> **Task**:
Nothing but the records, transcribed verbatim and stripped of images, should appear in the answer.

----- Given data

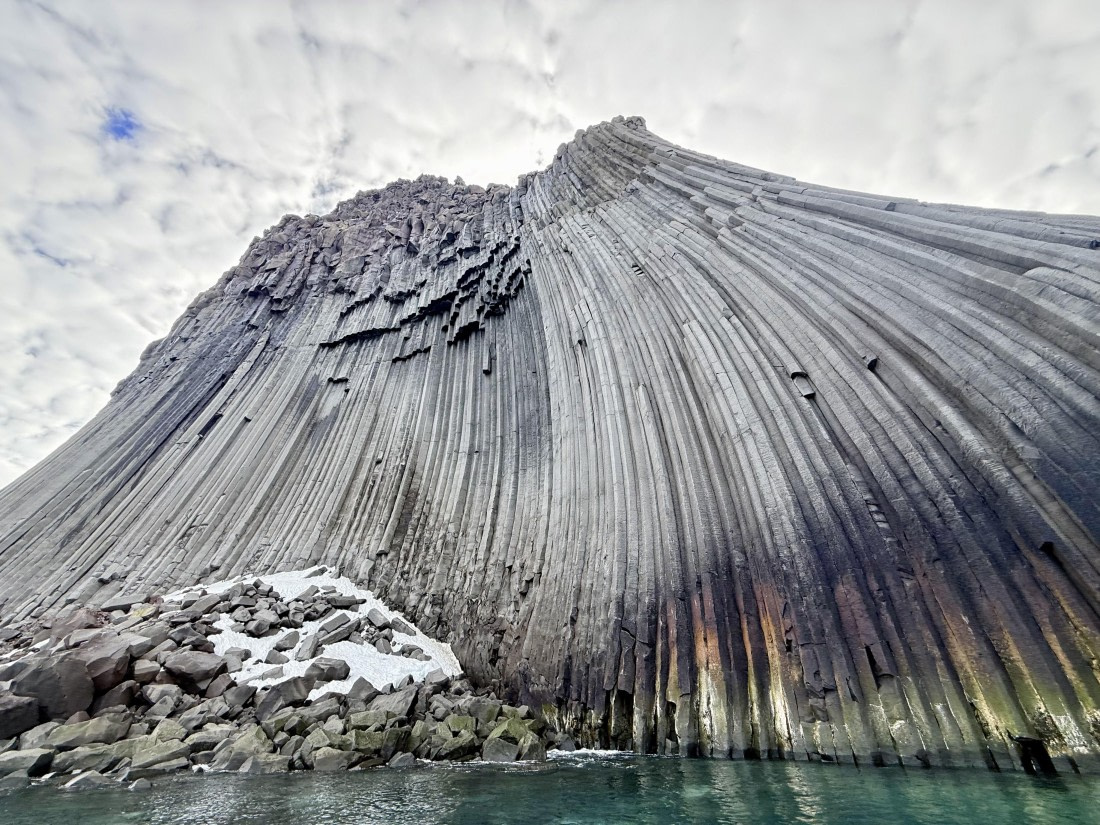 HDS26-26, Day 8, IMG_1845_Hana_(3) © Hana Spickova - Oceanwide Expeditions.jpg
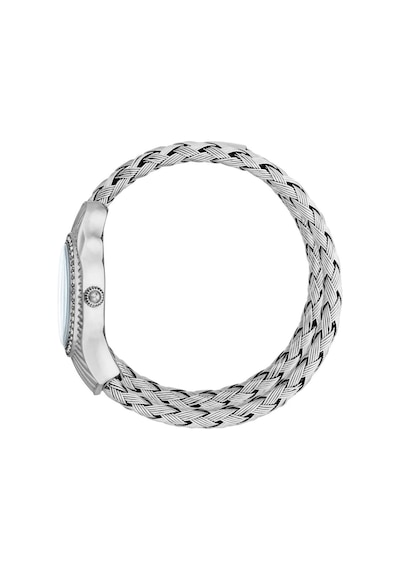 Just Cavallı Jc1l305m0015 Kadın Kol Saati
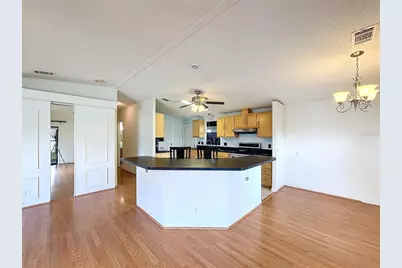 470 Village Circle SW, Winter Haven, FL 33880 - Photo 12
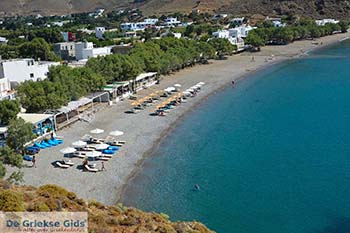 Livadia Astypalaia (Astypalea) - Docecanese -  Foto 31 - Foto van https://www.grieksegids.nl/fotos/astypalaia/livadia/350pix/livadia-astypalaia-031.jpg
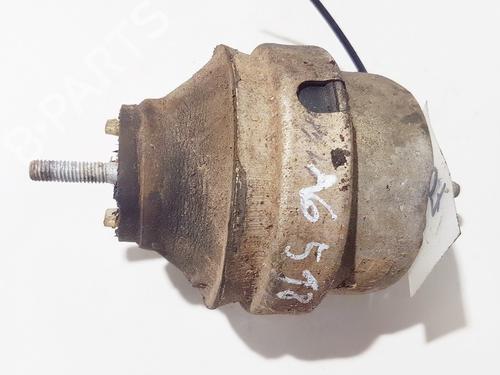 Used Engine mount AUDI A4 B5 (8D2) 1.9 TDI (90 hp) 33075873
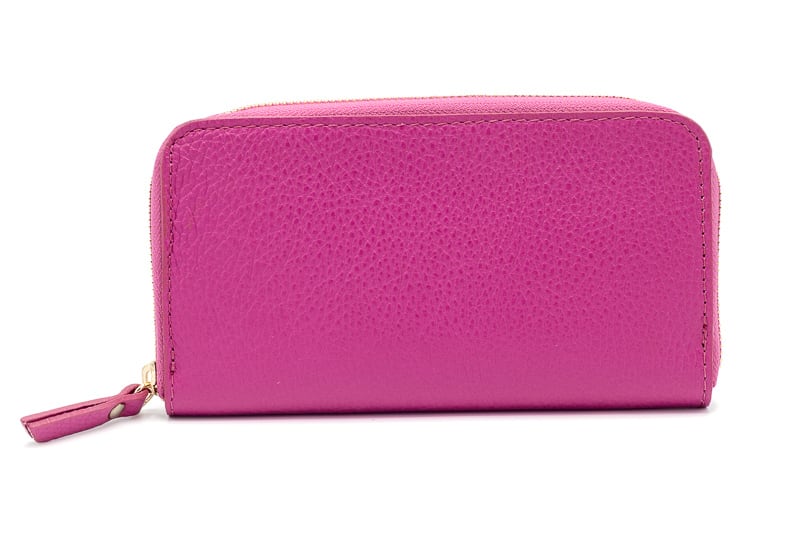 1c5930e679eff714a885f7e53e7975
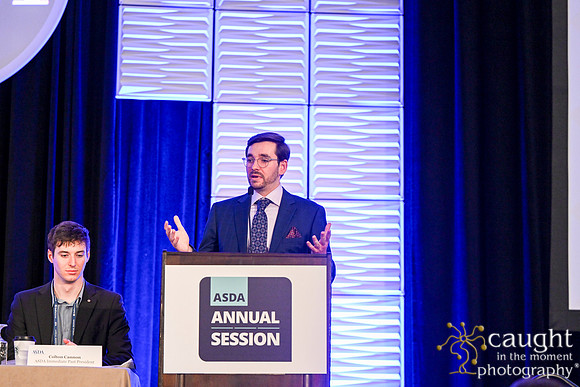 279 AnnualSession2023Seattle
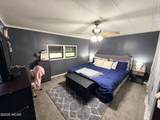 10 Summerplace Drive - Photo 19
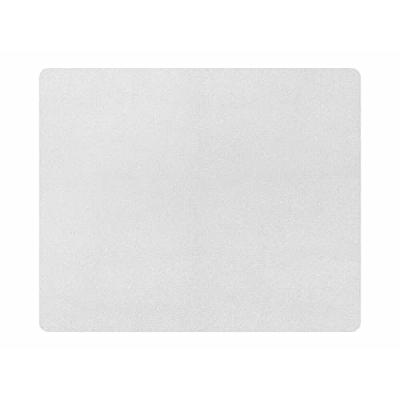 Natec Tapis antid&eacute;rapant (S5612354)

----------

> **Response area**:
 HDS26-26, Day 8, IMG_1845_Hana_(3) © Hana Spickova - Oceanwide Expeditions.jpg
 Just Cavallı Jc1l305m0015 Kadın Kol Saati
 470 Village Circle SW, Winter Haven, FL 33880 - Photo 12
 Livadia Astypalaia (Astypalea) - Docecanese -  Foto 31 - Foto van https://www.grieksegids.nl/fotos/astypalaia/livadia/350pix/livadia-astypalaia-031.jpg
 Used Engine mount AUDI A4 B5 (8D2) 1.9 TDI (90 hp) 33075873
 1c5930e679eff714a885f7e53e7975
 279 AnnualSession2023Seattle
 10 Summerplace Drive - Photo 19
 Natec Tapis antid&eacute;rapant (S5612354)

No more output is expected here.